The United States, a top food aid provider to North Korea in the past, said it is watching the situation closely but made it clear that it will not resume aid "without a thorough assessment of actual needs and adequate program management."

Washington suspended food handouts to the impoverished North in 2009 after Pyongyang expelled its aid monitors who were there to make sure the food gets to the children, nursing mothers, and elderly who most needed it.

The communist government is suspected of diverting foreign assistance to support its huge military force. There were also reports of food aid redistributed as gifts for elites or resold at a steep profit to vendors in markets.
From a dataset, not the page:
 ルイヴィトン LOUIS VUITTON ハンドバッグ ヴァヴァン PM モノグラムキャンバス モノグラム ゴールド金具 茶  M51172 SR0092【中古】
U.S. Republican lawmaker Ileana Ros-Lehtinen, who heads the House of Representatives Foreign Affairs Committee, said she has "grave concerns" about North Korea's intentions in the food request.

Referring to the 100th anniversary next year of the birth of Kim Jong Il's father, she said "there is the danger that aid provided would be diverted for this spectacle."

Ros-Lehtinen, who chaired a congressional hearing on North Korea on Thursday, also called for an accounting of how North Korea distributed previous U.S. food aid left over when the regime booted out nongovernmental organizations two years ago.

But senior Democratic legislator Howard Berman said every effort should be made to provide humanitarian assistance and food aid to the North Korean people on condition that "adequate monitoring" is allowed to ensure that such aid is not diverted or misused.

Resume food aid

Victor Cha, a former White House Asia expert, said U.S. President Barack Obama's administration should consider resuming food aid if Washington obtains access for monitoring terms as good as or better than the ones expelled in 2008, and after close consultations with Seoul.

"Bags of rice floating around North Korea with the American flag and written Korean saying 'Gift of the American people' cannot be bad," he said.

Historically, Cha said, food assistance to North Korea has opened a path back to larger diplomacy, which was critical to containing the unpredictable regime's nuclear weapons program.

"Restarting food aid may sound like the same old storyrewarding bad behavior that will only elicit more bad behavior. The alternative is to do nothing on nuclear diplomacy or human rights, which is good posturing."

"But it will buy you a runaway nuclear program with rampant proliferation potential."

Some conservatives in South Korea are already suggesting that South Korea also go nuclear or are calling for the United States to reinsert tactical nuclear weapons into the country.

"This hardly seems like a good alternative," Cha said.